[Stored records]
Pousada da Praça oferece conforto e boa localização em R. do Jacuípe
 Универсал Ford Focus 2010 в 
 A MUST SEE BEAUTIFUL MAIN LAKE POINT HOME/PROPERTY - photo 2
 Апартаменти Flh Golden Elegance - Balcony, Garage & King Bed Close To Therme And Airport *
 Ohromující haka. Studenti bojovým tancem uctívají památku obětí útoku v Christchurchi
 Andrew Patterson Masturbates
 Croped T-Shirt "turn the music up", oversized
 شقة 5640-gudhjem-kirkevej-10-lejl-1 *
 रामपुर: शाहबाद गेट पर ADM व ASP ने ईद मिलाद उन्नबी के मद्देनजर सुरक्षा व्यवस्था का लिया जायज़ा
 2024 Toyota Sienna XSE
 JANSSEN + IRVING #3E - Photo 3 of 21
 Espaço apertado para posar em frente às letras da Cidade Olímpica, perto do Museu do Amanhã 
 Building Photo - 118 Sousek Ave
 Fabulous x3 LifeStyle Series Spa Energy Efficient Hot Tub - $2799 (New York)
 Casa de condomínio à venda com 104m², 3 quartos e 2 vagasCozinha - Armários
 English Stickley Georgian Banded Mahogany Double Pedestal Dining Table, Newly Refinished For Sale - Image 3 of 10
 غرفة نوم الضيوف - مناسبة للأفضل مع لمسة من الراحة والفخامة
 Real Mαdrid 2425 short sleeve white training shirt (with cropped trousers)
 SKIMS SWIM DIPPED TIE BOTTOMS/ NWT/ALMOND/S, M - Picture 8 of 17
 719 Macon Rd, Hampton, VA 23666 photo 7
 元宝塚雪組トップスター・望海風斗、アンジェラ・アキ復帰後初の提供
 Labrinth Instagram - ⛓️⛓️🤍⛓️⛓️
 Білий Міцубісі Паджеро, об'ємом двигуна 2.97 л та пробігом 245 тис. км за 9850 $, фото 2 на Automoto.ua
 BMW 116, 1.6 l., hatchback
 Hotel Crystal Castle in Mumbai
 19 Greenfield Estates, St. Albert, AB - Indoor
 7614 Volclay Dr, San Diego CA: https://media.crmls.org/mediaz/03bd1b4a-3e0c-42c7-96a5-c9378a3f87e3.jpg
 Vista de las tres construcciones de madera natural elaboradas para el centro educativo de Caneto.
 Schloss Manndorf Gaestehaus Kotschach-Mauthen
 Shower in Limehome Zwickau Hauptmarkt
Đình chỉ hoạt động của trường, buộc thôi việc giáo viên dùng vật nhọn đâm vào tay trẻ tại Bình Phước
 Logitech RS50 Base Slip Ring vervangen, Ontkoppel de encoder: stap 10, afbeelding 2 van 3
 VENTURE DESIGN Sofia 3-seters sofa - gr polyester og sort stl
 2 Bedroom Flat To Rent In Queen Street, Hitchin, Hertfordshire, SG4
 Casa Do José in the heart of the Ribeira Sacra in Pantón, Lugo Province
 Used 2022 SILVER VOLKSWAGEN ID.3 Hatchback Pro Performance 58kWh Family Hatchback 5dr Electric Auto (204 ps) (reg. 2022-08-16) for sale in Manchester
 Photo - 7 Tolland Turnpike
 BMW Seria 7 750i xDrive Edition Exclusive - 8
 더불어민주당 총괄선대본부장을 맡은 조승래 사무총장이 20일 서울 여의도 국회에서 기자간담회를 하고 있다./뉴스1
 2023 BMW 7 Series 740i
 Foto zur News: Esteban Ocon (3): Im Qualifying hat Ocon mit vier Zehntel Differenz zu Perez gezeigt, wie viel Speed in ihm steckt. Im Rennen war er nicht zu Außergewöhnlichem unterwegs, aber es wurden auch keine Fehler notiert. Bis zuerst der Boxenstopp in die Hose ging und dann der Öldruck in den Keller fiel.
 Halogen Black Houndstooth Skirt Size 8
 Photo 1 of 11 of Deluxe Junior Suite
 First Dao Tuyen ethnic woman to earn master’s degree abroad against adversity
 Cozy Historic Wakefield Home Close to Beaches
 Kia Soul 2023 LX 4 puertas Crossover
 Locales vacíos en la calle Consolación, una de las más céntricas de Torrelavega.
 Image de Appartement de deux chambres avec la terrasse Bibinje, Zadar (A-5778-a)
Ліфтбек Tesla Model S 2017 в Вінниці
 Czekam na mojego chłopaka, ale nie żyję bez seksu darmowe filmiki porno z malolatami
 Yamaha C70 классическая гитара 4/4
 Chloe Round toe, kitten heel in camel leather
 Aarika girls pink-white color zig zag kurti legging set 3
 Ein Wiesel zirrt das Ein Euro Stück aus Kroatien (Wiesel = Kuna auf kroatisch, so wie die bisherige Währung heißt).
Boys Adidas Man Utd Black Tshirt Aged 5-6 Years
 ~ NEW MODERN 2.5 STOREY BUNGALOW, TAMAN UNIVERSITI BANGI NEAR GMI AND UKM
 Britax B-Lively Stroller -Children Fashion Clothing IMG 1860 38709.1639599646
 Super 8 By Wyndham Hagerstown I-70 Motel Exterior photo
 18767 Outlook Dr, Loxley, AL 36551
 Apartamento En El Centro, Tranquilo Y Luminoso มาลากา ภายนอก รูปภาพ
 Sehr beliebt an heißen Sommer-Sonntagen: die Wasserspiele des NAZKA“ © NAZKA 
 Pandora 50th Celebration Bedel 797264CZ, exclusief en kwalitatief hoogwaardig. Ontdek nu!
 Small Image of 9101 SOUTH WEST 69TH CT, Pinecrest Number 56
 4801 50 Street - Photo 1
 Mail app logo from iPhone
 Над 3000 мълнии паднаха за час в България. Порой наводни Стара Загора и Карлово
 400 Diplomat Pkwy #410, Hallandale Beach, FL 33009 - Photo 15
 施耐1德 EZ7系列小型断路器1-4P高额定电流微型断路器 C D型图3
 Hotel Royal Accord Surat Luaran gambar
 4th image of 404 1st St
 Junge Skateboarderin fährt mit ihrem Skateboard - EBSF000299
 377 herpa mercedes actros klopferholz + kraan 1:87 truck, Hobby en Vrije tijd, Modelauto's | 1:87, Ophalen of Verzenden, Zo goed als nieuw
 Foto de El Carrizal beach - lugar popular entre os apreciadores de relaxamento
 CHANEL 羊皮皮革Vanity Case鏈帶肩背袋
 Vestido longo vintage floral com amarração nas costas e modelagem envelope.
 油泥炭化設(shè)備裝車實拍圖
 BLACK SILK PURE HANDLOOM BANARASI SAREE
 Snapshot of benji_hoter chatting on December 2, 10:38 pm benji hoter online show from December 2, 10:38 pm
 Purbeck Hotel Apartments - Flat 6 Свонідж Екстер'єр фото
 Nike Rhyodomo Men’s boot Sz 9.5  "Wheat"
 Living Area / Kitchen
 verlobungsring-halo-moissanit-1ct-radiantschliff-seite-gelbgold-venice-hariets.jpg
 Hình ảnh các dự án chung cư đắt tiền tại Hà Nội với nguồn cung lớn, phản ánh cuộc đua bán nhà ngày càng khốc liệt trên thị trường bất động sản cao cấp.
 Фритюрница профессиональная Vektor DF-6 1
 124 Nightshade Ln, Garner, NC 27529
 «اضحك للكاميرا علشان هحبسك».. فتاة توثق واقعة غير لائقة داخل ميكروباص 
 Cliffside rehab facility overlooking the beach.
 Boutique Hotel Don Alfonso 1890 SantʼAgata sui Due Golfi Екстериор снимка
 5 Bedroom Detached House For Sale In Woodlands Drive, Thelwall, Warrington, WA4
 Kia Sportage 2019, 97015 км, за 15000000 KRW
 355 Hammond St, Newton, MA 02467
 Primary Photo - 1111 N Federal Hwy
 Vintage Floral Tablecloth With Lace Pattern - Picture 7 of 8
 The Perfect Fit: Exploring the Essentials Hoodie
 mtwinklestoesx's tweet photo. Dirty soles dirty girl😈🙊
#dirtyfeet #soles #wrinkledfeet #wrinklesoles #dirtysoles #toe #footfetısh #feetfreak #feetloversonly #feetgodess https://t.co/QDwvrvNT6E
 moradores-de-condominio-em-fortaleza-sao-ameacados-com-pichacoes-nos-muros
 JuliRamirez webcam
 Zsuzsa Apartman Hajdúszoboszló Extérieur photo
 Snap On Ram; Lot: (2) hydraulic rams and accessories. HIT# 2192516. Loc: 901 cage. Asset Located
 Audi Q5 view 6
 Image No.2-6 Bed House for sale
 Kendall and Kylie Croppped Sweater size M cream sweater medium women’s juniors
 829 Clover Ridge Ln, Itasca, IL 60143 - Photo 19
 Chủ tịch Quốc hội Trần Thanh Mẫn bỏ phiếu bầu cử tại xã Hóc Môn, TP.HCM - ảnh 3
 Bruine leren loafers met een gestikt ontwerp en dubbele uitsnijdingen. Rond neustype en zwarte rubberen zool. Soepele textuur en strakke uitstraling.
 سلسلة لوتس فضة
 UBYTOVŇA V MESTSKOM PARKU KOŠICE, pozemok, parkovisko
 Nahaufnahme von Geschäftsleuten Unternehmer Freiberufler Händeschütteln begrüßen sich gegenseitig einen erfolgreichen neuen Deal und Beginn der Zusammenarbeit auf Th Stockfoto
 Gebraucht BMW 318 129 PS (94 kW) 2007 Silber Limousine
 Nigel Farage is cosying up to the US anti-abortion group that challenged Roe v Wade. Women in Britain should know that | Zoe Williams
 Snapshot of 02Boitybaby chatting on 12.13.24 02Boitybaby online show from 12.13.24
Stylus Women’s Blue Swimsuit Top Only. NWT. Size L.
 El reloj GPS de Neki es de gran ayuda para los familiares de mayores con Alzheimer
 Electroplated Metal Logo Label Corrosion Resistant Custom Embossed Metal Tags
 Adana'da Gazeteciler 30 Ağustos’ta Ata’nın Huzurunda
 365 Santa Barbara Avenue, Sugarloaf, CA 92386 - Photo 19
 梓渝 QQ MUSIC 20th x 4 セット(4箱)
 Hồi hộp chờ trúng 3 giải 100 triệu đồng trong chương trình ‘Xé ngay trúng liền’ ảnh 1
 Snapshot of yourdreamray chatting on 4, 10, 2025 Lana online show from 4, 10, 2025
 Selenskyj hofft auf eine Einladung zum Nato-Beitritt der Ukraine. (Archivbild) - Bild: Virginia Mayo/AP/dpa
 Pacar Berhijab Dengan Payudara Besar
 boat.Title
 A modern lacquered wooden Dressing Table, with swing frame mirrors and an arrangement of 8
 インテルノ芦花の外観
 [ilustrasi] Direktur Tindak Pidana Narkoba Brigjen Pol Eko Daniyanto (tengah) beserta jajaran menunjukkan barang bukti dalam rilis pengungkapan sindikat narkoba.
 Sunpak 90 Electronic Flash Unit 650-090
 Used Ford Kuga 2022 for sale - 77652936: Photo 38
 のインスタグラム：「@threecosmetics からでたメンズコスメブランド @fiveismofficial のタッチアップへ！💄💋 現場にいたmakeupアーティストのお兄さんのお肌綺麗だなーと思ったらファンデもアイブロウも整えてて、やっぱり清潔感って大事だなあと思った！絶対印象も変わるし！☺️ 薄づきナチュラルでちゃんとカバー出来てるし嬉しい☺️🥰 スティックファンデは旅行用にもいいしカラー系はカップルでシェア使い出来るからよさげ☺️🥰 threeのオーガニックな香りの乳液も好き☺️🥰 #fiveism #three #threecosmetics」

▸ PROBLEM STATEMENT
Write down, word for word, the lines above from the one containing "Apartamento En El" through the one containing "Snapshot of benji_hoter", both ends included.

▸ EXPECTED ANSWER
 Apartamento En El Centro, Tranquilo Y Luminoso มาลากา ภายนอก รูปภาพ
 Sehr beliebt an heißen Sommer-Sonntagen: die Wasserspiele des NAZKA“ © NAZKA 
 Pandora 50th Celebration Bedel 797264CZ, exclusief en kwalitatief hoogwaardig. Ontdek nu!
 Small Image of 9101 SOUTH WEST 69TH CT, Pinecrest Number 56
 4801 50 Street - Photo 1
 Mail app logo from iPhone
 Над 3000 мълнии паднаха за час в България. Порой наводни Стара Загора и Карлово
 400 Diplomat Pkwy #410, Hallandale Beach, FL 33009 - Photo 15
 施耐1德 EZ7系列小型断路器1-4P高额定电流微型断路器 C D型图3
 Hotel Royal Accord Surat Luaran gambar
 4th image of 404 1st St
 Junge Skateboarderin fährt mit ihrem Skateboard - EBSF000299
 377 herpa mercedes actros klopferholz + kraan 1:87 truck, Hobby en Vrije tijd, Modelauto's | 1:87, Ophalen of Verzenden, Zo goed als nieuw
 Foto de El Carrizal beach - lugar popular entre os apreciadores de relaxamento
 CHANEL 羊皮皮革Vanity Case鏈帶肩背袋
 Vestido longo vintage floral com amarração nas costas e modelagem envelope.
 油泥炭化設(shè)備裝車實拍圖
 BLACK SILK PURE HANDLOOM BANARASI SAREE
 Snapshot of benji_hoter chatting on December 2, 10:38 pm benji hoter online show from December 2, 10:38 pm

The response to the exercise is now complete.